RFC: Distributer Pipeline execution via Workers #107

Skarlso · 2018-09-05T20:05:35Z

Abstract

This document discusses the problem of executing pipelines in a distributed
manner.

Introduction

Problem Statement

The problem poses the following set of challenges for Gaia:

Manage workers
- See what pipeline is running on which worker at any given point in time
- Add / Delete / Suspend workers
- Add specific environment variables to the worker
Either automatically, or manually choose which pipeline should run on which
worker.
Label the workers so the user knows it's a windows machine or a linux machine
or Go, Python, Java SDK is available on it... etc.

Terminology

Gaia Master: The Gaia Master is a running instance of gaia launched via make or the
released Gaia binary.
Worker: A worker is a server which is connected to the Gaia Master and has
certain capabilities like, what kind of SDK it supports or what operating system
is installed on it.
Pipeline: A pipeline is a configured entity with a set of Jobs.
Job: A job is a single running task like, create a user. A pipeline can have multiple jobs.
RPC: Remote Procedure Call

Architecture Diagram

Proposed Worker Distribution Model

The proposed model which aims to solve this problem is laid out as follows.

Managing Workers

The managing of the workers will happen through a set of API endpoints.
All workers are stored in the database with a designated set of labels
assigned name and IP address.

These endpoints will be Delete / Suspend. Since adding will be taken care of
by the Gaia agent, we don't support that operation here specifically.
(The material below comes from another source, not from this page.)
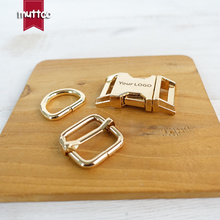 20sets/lot (metal buckle+adjust buckle+D ring/set) DIY dog collar accessory golden 2.0cm engraved buckle kirsite customize LOGO 2024 - buy cheap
Delete: Delete will simply remove the server from the rotation. It won't restart
the server, or shut it down, it will just simply delete it from the database which
holds the worker instances.
Suspend: Suspending a worker will take it out of rotation but will not delete it.
Suspended this worker will not be able to run any pipelines. This is a good option
if some kind of maintenance needs to be performed on the machine.

Worker Tags

The workers will need to be tagged with what kind of resource they are providing. For example:

name	tags
Worker 1	Ubuntu Linux 64bit
Worker 2	Windows 10 64bit
Worker 3	Debian Linux 64bit

When a pipeline is first created in needs to set on the pipeline creation window what kind of resources it requires. These tags will need to be made accessible by a drop down list for ease of usage. These tags can be created when a Worker is created and saved to Gaia. Tagging them can be done manually on the Worker Manager screen.

The Worker RPC API

The Workers will talk to the Gaia Master via a set of defined RPC interfaces.
These are as follows:

// RegisterWorker will take a worker struct which contains the following information:
// Security: This will be protected by the TLS connection between master and worker.
// IP: The address of the worker
// Name: The name of the worker which typically can be `hostname`.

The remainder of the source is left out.